A l'époque, le ministre fédéral de l'Agriculture, Denis Ducarme (MR), n'avait pas fait mystère de son intention de recourir pendant quelques années à ce régime dérogatoire. Son argument: la nécessité de protéger les semences de betteraves de la jaunisse virale véhiculée par les pucerons.
"Combat d'arrière-garde"
Accordée une première fois pour la campagne 2018-2019, cette dérogation a été renouvelée pour la campagne actuelle. Au grand dam des associations de défense de l'environnement, qui stigmatisent un combat d'arrière-garde. "C'est un mauvais signal donné aux agriculteurs à qui on laisse croire qu'il y a encore un avenir pour l'utilisation de tels produits", souligne Marc Fischer, secrétaire général de l'ASBL Nature & Progrès. Celle-ci a donc introduit, conjointement avec l'ONG européenne Pesticide Action Network (PAN), un recours au Conseil d'Etat.
Estimant que le recours à des semences enrobées d’insecticides ne répond pas aux critères d'urgence justifiant une dérogation, les requérants ont joint une requête en extrême urgence pour tenter d'obtenir l'annulation de l'autorisation. Ils n'ont pas été suivis. Le Conseil d'Etat - qui, de façon peu habituelle, n'a pas suivi son auditeur - a estimé que "la procédure dérogatoire de mise sur le marché d’un produit phytopharmaceutique non autorisé" pouvait être enclenchée avant "que le danger se réalise ou que la menace se concrétise".
L'affaire doit encore être traitée au fond, ce qui risque de prendre plusieurs mois.
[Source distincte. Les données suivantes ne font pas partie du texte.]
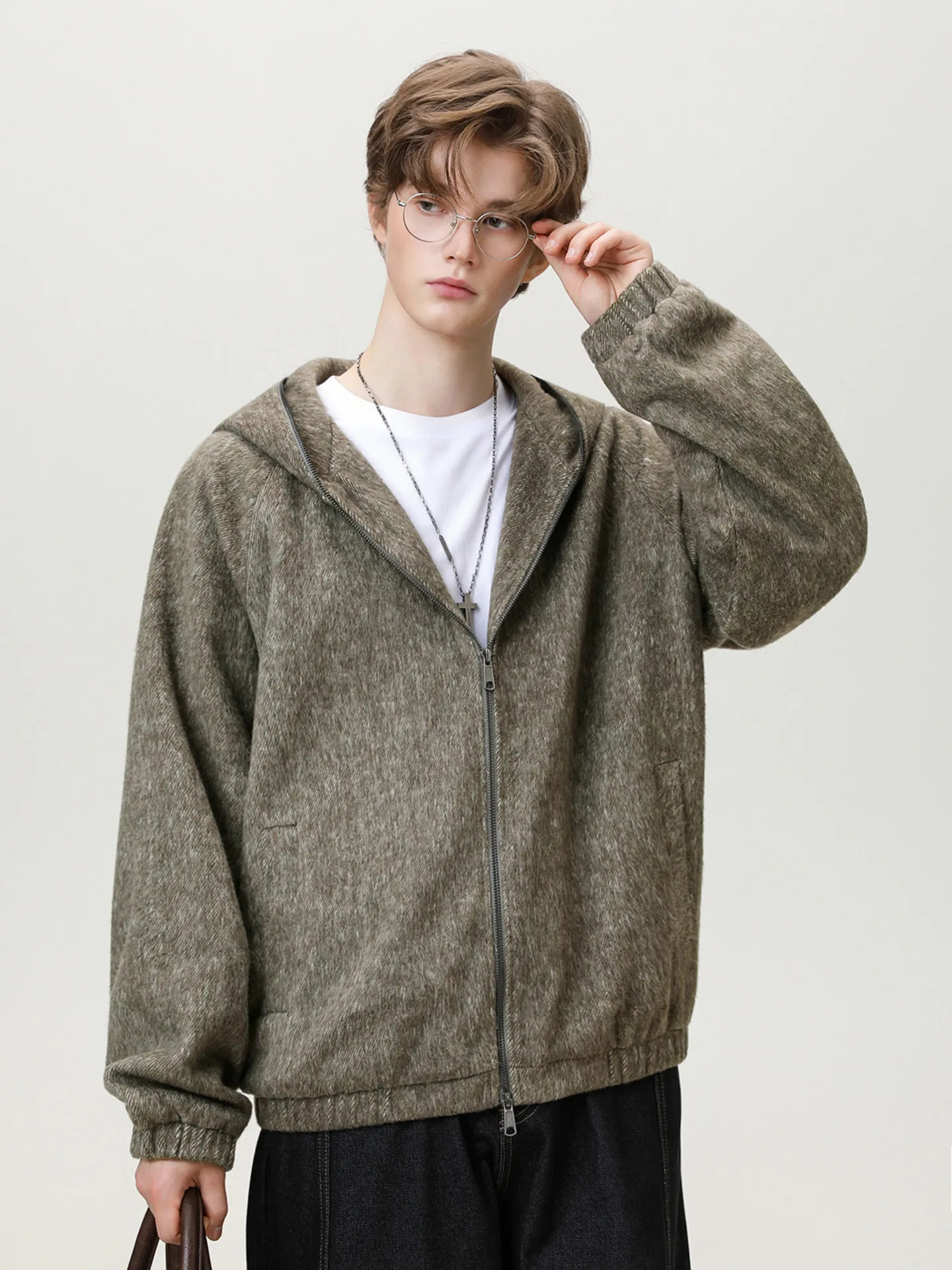Texture Mohair Cardigan Hooded Jacket Men's Autumn Winter Contour Loose American Jacket Lazy Senior Sweater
Du côté de PAN Europe, on espère à présent que le Conseil d'Etat traitera simultanément les deux recours introduits en 2018 et en 2019.
La peste ou le choléra
Dans l'immédiat, le recours n'étant pas suspensif, les producteurs de betteraves peuvent donc recourir à des semences enrobées de néonicotinoïdes du 15 février au 14 juin. Du côté des betteraviers, on précise que cette dérogation est assortie de mesures contraignantes pour les agriculteurs. "Si l'on ne pouvait pas traiter les attaques de pucerons avec ces néonicotinoïdes, il faudrait recourir à d'autres pesticides, ce qui reviendrait à remplacer la peste par le choléra", souligne Jean-Luc Claes, responsable du département légal à la Raffinerie Tirlemontoise.
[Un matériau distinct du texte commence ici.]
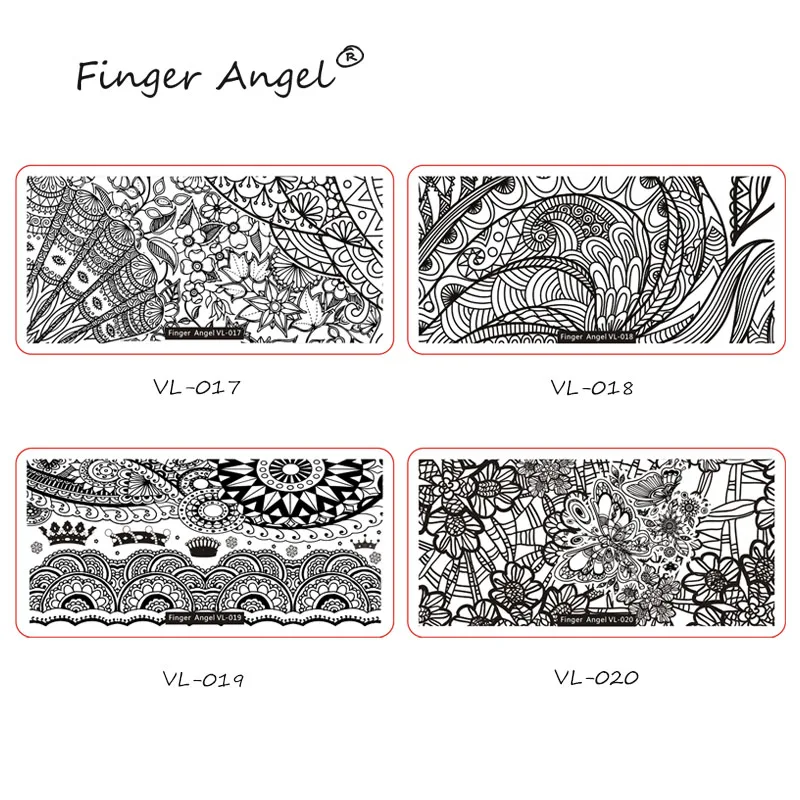 Finger Angel 1 шт. пластины для штамповки ногтей 6*12 см штамп изображения пластины прекрасная Корона бабочки узоры ногти маникюрный шаблон инструмент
Du côté des betteraviers, on insiste sur la nécessité de prendre des mesures préventives pour éviter les attaques de pucerons porteurs de la jaunisse des betteraves. "La sécheresse de l'an dernier a finalement empêché la prolifération de pucerons. Mais si les conditions météo leur sont favorables, planter des betteraves sans recourir dans certains cas à des néonicotinoïdes reviendra à jouer à la roulette russe", souligne Peter Haegeman, secrétaire général de la Confédération des betteraviers belges.
30% de la surface
Lors de la campagne précédente, environ 30% de la surface cultivée en betteraves - 20.000 hectares sur un total de 65.000 - avait été semée avec des semences enrobées de néonicotinoïdes. Pour la Confédération des betteraviers, c'est "la façon la moins nocive" de protéger la betterave. "Le climat belge nous rend très vulnérables à la jaunisse virale, ce qui n'est pas le cas de la France ou des Pays-Bas", souligne Peter Haegeman.
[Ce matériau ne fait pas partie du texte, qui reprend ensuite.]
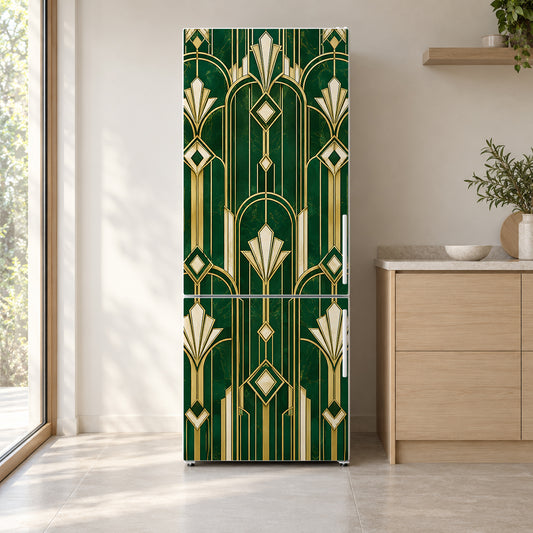 Art Deco Emerald & Brass fridge wrap on a white refrigerator in a bright kitchen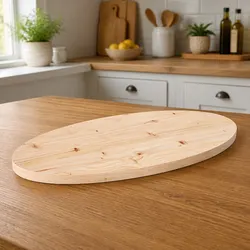 Solid Pine Wood Table Top - 80 x 40 x 2.5 cm, Brown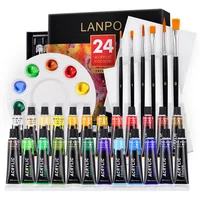 Acrylic Paints Set 12/24 Colors Professional Brush Set 12ml Tubes Artist Drawing Painting Pigment Hand Painted Wall Paint DIY 1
Du côté des défenseurs de l'environnement, on mise désormais sur une impulsion politique pour mettre un terme aux dérogations, qui, "par définition", doivent avoir un caractère exceptionnel. "En l'octroyant pour la deuxième année consécutive, on n'en fait plus une exception", souligne Martin Dermine, apiculteur et expert chez PAN Europe.
Celui-ci fonde ses espoirs sur l'avertissement voilé lancé par le SPF Santé publique. Sur son site dédié aux produits phytopharmaceutiques, le Comité d’agréation des pesticides à usage agricole prédit que les "exigences d'autorisation de plus en plus strictes" risquent de rendre impossible de renouveler une telle dérogation l'an prochain.